Litvachky sostiene que “si la
cárcel o las instituciones de encierro pretenden resolver algún aspecto
vinculado con la generación de violencia social, que se expresa en
algunos casos en el delito, aunque no siempre, esta respuesta estatal no
puede ser una respuesta en la que se aplique violencia”.

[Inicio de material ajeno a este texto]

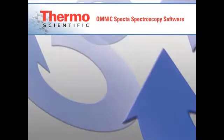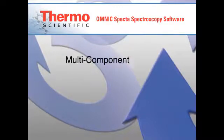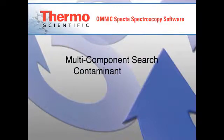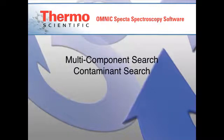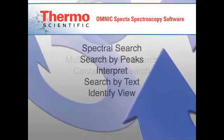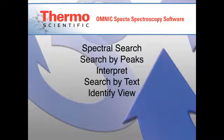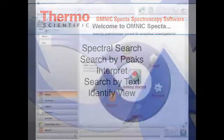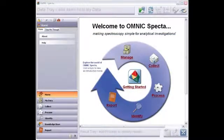SPECTA offers two approaches to mixture analysis: multicomponent search and contaminant search. Information about SPECTA's other search techniques and general features of the Identify view are provided in other videos. This video focuses on tools for searching mixtures.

Dice: “Ahí hay una discusión moral, una discusión ética y una discusión político-institucional también”.
Desde
la Defensoría General de la Nación se plantea a futuro un cambio
radical. El contacto con los presos estaría a cargo de personas con un
rol de educadores antes que de guardias. El personal de seguridad haría
sólo protección perimetral.
Hacer cárceles pequeñas, gobernables. No
abusar de la prisión preventiva. Desarticular la convicción de que el
Estado debe castigar al delincuente a modo de venganza en vez de
privarlo de la libertad en lugares sanos, limpios y seguros para
sancionarlo e intentar recuperarlo.
En lo inmediato, según
Litchavsky, “es necesario que los poderes ejecutivos (nacional y
provinciales) desarrollen sus propias políticas de prevención de la
tortura, que tiene que ver con el modo en que funcionan los servicios
penitenciarios y las policías”, dice.
“Hay necesidad que tanto los
servicios penitenciarios como las policías reformen sus prácticas, se
reformen las leyes orgánicas, se fortalezca el control político tanto de
los servicios penitenciarios como de las policías, y mejoren los
sistemas de control interno”, sostiene la especialista.